▶ WHAT YOU ARE ASKED TO DO: Give the data again exactly, without images.

▶ COLLECTED MATERIAL:
★ ★ ★ ★ ★

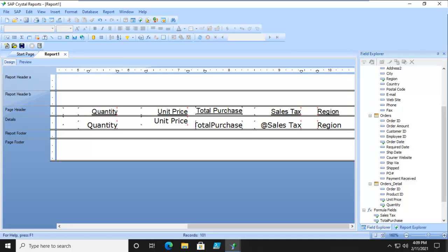Let's talk about some of the more advanced formulas like the IF statement, THEN and ELSE statements. We have to use our formula workshop to do that.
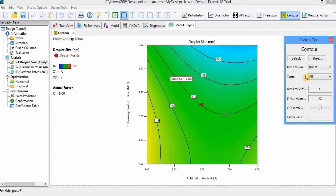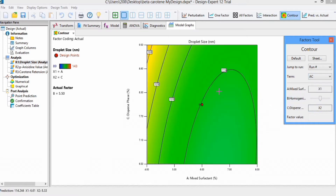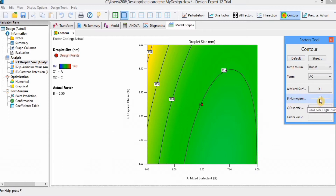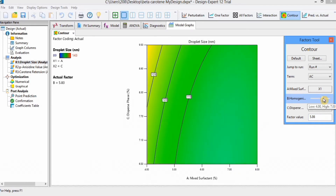You can change the terms from here. If I change to AC, you can see the factors become mixed surfactants and dispersed phase, while the third variable is at zero or central position. You can also see in the Factor Tools that the homogenization point is at the central location. You can click on it and change this position, and you will see the graph start changing.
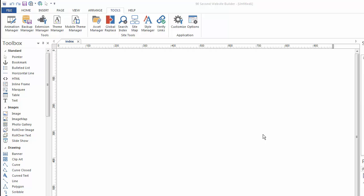So anyway, that's a quick overview of the interface for the new Version 10 software for 90 Second Website Builder. As you can see, you can get around easily, grab the tools and features and functions that you need, and start building websites with 90 Second Website Builder.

★ ★ ★ ★ ★

▶ RESPONSE AREA:
Let's talk about some of the more advanced formulas like the IF statement, THEN and ELSE statements. We have to use our formula workshop to do that.
You can change the terms from here. If I change to AC, you can see the factors become mixed surfactants and dispersed phase, while the third variable is at zero or central position. You can also see in the Factor Tools that the homogenization point is at the central location. You can click on it and change this position, and you will see the graph start changing.
So anyway, that's a quick overview of the interface for the new Version 10 software for 90 Second Website Builder. As you can see, you can get around easily, grab the tools and features and functions that you need, and start building websites with 90 Second Website Builder.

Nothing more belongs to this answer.